If you want to draw for part or all of Inktober, here is the site and the prompts and “rules” (follow them if you want, or just be joyful and don’t worry about it) are below. 

Enjoy!

 

30 in 30: Highlights to Date

As the official 30 in 30 wraps up on Leslie Saeta’s site, I have gathered a set of 16 paintings to make a collage of my highlights to show for her conclusion posting.  Having most of the challenge complete, my daily painting habit is strong. An artist can only improve with time spent at the easel, so it’s good to hone habits and make an effort to paint as often as I can.  I will end up with a little less than 30 paintings because some are taking more than one day, but it won’t be far off. I am feeling very productive and definitely took the challenge seriously.  I spent significant time at the easel every day.  I opted not to show some pieces that need more work, but I have them behind the scenes waiting to emerge after finishing touches. 

With so many shows coming up, these little paintings are coming into existence at the perfect time.  I have already sold 6 paintings from this series, so the rewards for my work with the brush have started to flow.  I am very grateful!  My teenage daughter called dibs on the scuba dive painting from memory (“Black Coral Cave” – which I was not planning to sell). Since she was with me when we went into the beautiful caves, it seems fitting to give that piece to her. Seeing her fist pump the air when I told her she could have it was the best sort of payment!

This wraps up the official Saeta Blog timeline of the 30 in 30, but of course I will continue for a few more days to account for starting 5 days later than everyone else. Thank you for taking the time to read my blog – it’s more fun to write if someone actually reads it!

30 in 30: Iiwi on a Blue Lobeliad

Iiwi on Blue Lobeliad Flowers by Wendy Roberts

Today’s bird is one of my favorites that I paint more than any other bird, the iiwi.  I love the bright red-orange color of its feathers.  I keep finding new color schemes I want to try with this vibrant red color.  This time the tiny honeycreeper is nestled on a vivid blue-purple lobeliad plant in bloom, using its curved beak to feed on nectar within the flowers.  Thanks to Kim and Forest Starr for a wonderful series of photos that served as inspiration.  

30 in 30: Day 1 of Shama Thrush in a Mountain Apple Tree

Day 1 of “Shama Thrush in a Mountain Apple Tree” Yesterday’s work was rushed and didn’t turn out well, but you will see it later on once it’s had time to be sorted out. In the meantime, I started a new painting that I will show the daily progress on. I don’t always do an underpainting, but this is a complex scene and I felt a brown undertone would be great for this one.

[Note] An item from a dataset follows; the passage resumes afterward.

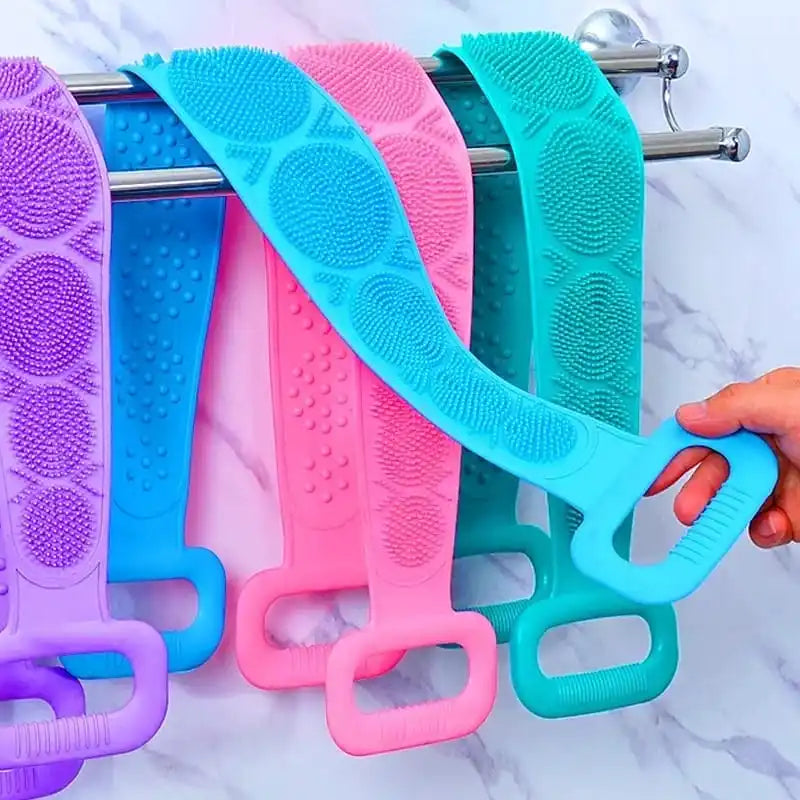 Esponja Silicone Massageadora Escova Banho Lava Corpo Todo Bucha Esfoli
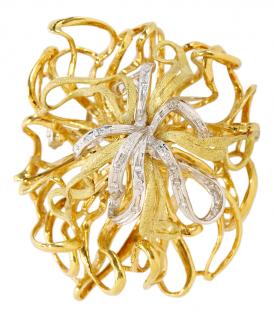 Appraisal: kt Two Tone Brooch crazy ribbon design textured and polished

This painting is part of the 30 in 30 challenge.  You can see the completed paintings to date here: 30 in 30 gallery

30 in 30: Mynah Bird in a Coral Tree

Mynah Bird in a Coral Tree
Acrylic on Gessobord
5″ X 7″

Mynah birds can be trained to talk, and they do not sound like parrots.  If you want to see one that was rescued and taught to talk, I highly recommend this link:  

I love listening to this bird’s voice.  Their usual chatter includes an amazing range of sounds: the soft peep of surprise that sounds like the mew of a cat, loud squawks, shrill dual-tone screams meant to defend territory, and even clicks. I have placed it in the boughs of a lovely coral tree.  They are both introduced species from India that thrive in the mild climate of the islands, mynah birds particularly are one of the most common birds in the low elevations.